[DATA SUPPLIED]

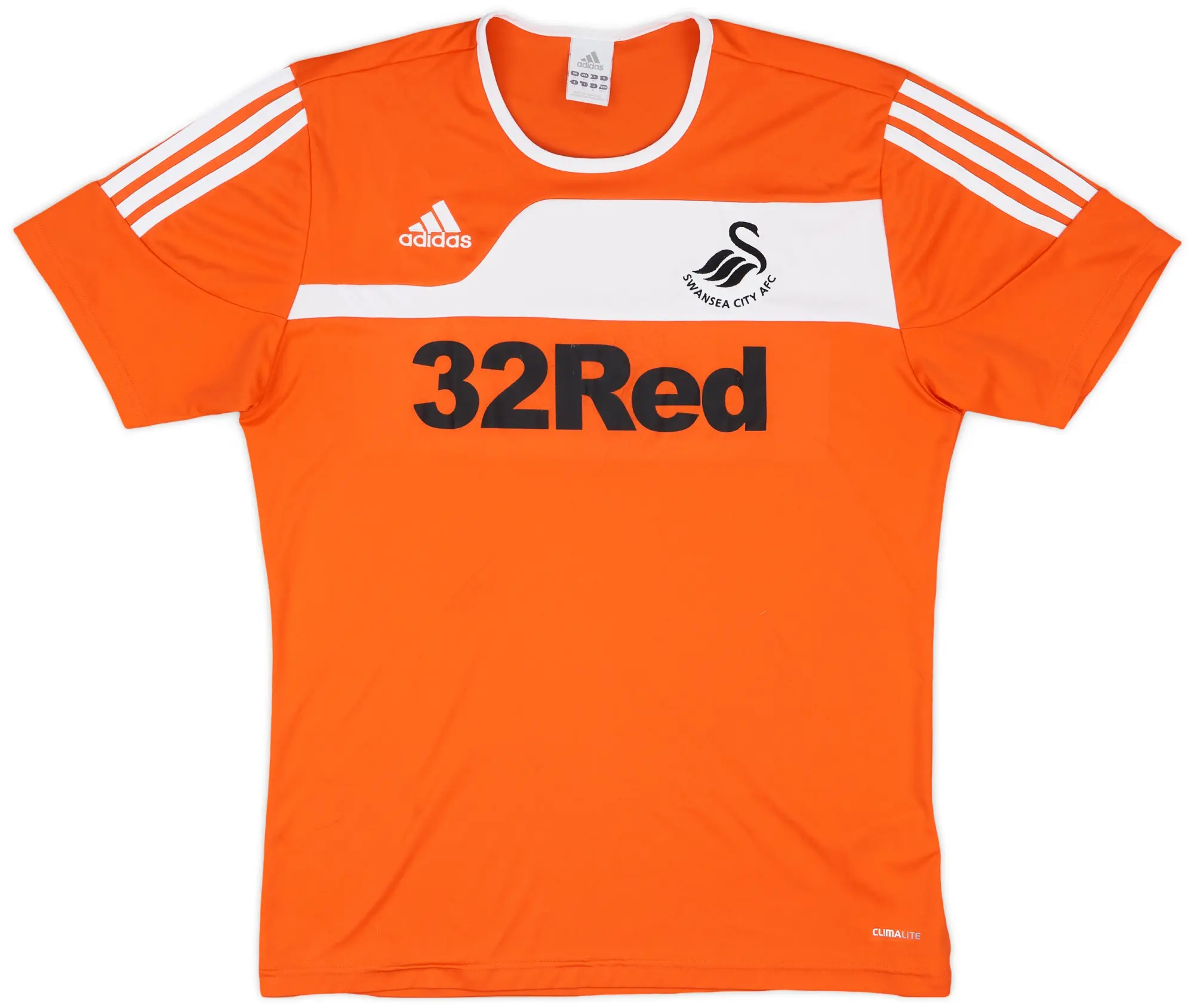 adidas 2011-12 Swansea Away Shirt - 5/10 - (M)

[/DATA SUPPLIED]
[DATA SUPPLIED]

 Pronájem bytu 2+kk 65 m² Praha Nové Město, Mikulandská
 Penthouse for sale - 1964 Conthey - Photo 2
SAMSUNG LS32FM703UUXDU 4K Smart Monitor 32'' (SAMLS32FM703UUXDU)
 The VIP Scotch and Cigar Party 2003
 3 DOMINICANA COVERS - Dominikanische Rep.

[/DATA SUPPLIED]
[DATA SUPPLIED]

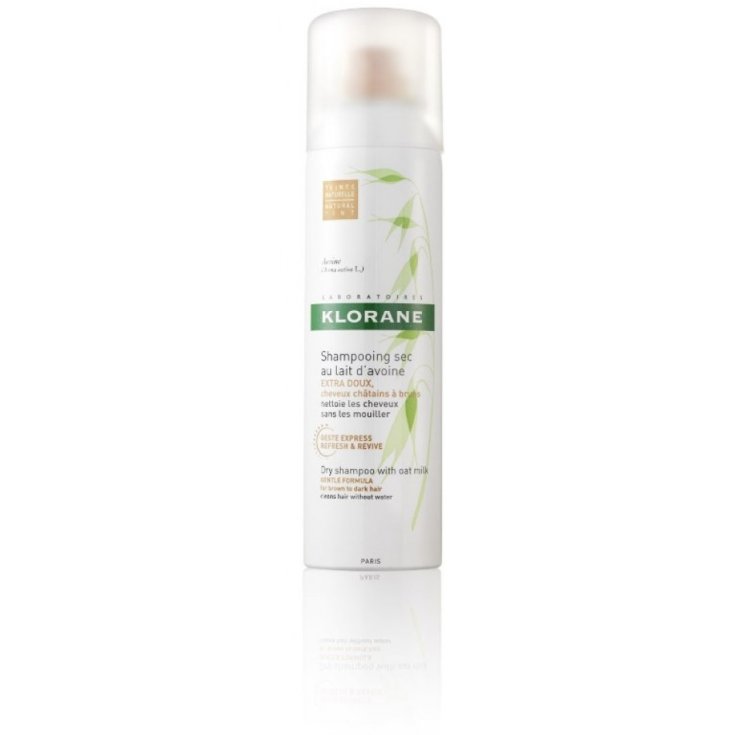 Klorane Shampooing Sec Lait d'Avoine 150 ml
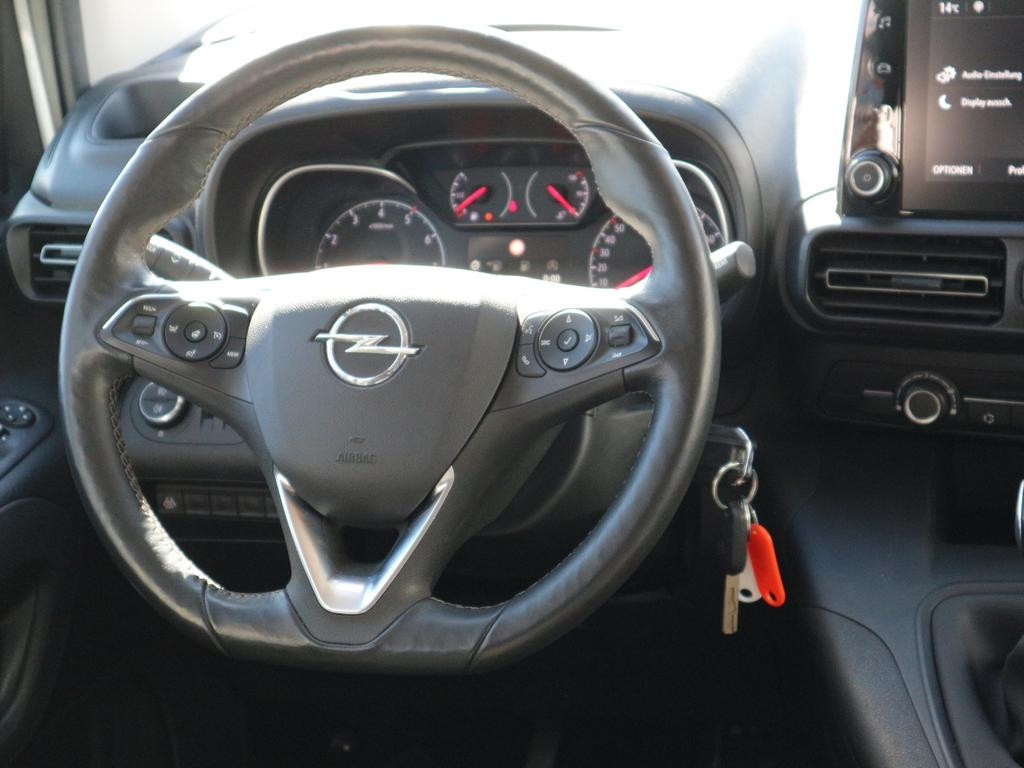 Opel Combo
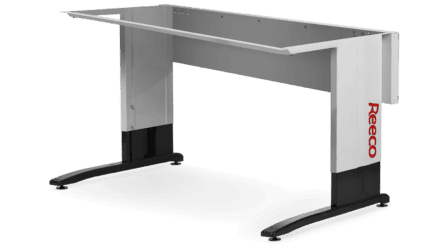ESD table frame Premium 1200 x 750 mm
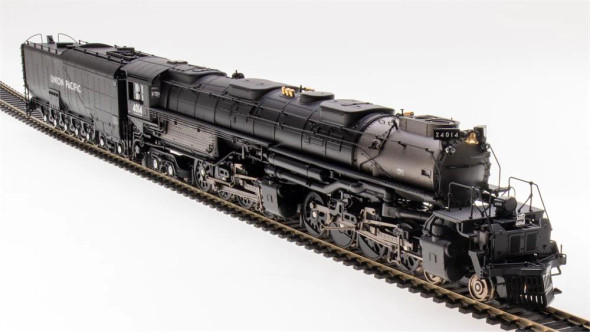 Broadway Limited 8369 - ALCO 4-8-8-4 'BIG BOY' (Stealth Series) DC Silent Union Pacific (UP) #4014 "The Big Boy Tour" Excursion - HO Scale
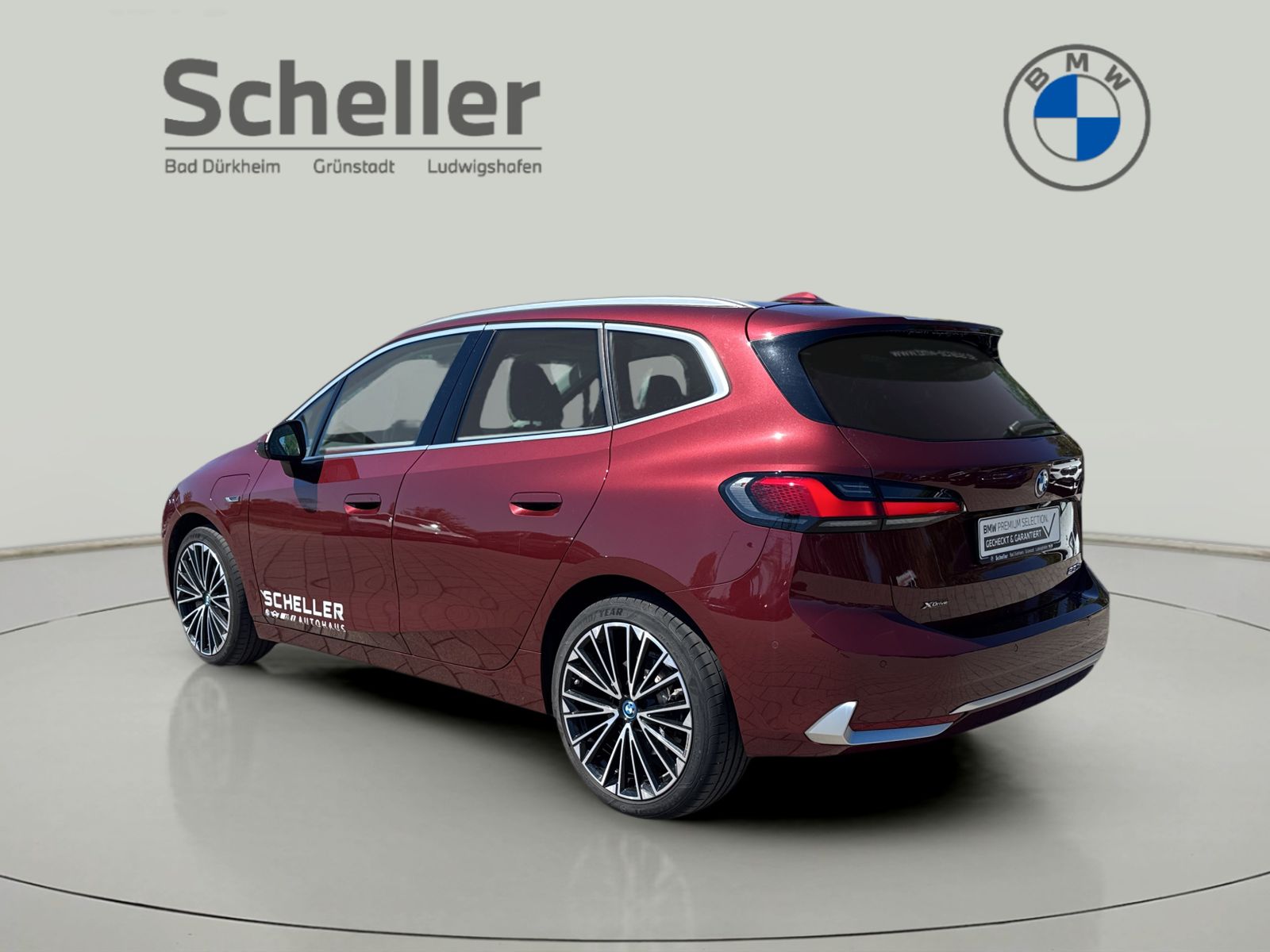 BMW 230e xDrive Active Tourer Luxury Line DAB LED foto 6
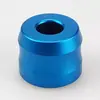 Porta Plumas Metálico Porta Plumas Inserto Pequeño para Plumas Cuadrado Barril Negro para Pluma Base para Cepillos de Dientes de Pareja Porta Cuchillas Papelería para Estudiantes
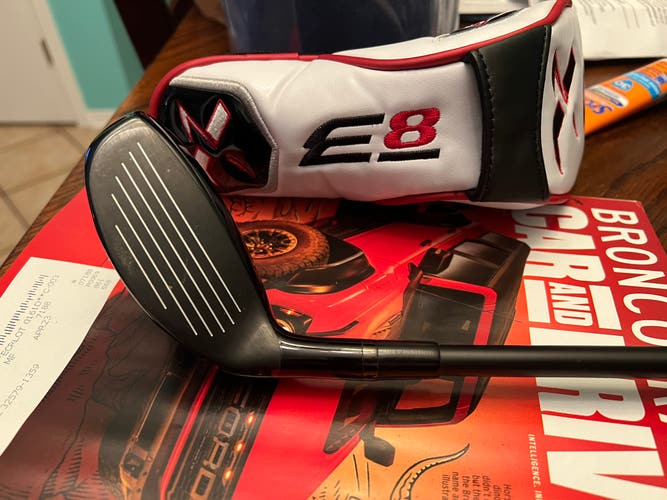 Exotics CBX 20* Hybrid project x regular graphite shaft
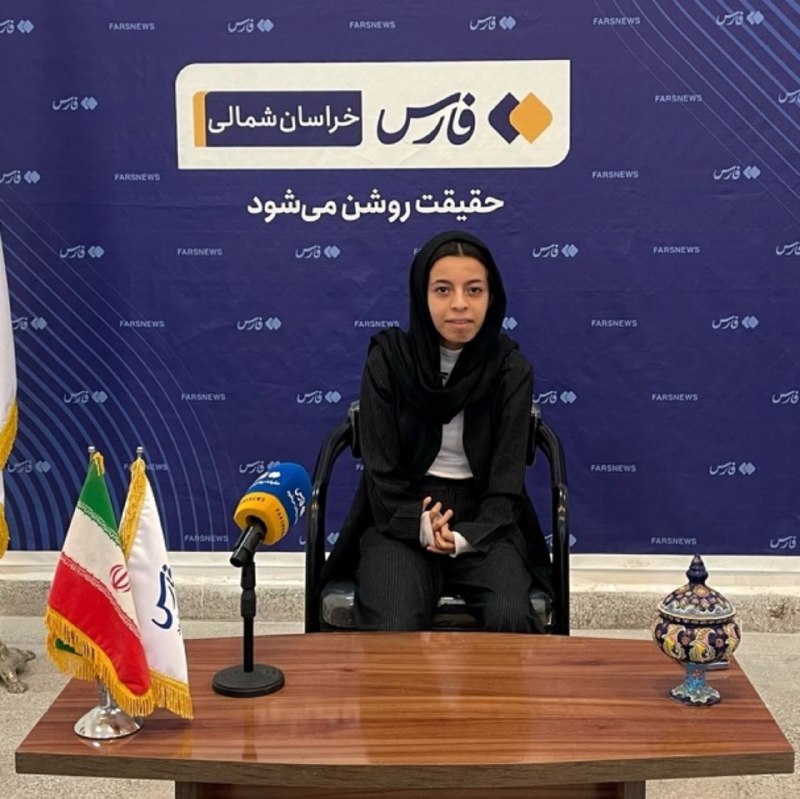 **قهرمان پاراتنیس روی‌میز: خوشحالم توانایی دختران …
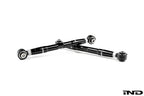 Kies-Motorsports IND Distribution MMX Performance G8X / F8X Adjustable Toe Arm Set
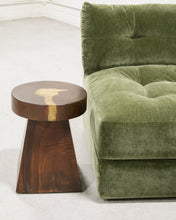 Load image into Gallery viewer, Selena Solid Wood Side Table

[/DATA SUPPLIED]

| WHAT THIS TASK INVOLVES |
Only one part of the material above is wanted: the lines from the one with "توانایی دختران …" up to and including the one with "Load image into". Please copy them exactly, pictures left out.

| WORKED SOLUTION |
 **قهرمان پاراتنیس روی‌میز: خوشحالم توانایی دختران …
 Kies-Motorsports IND Distribution MMX Performance G8X / F8X Adjustable Toe Arm Set
 Load image into Gallery viewer, Selena Solid Wood Side Table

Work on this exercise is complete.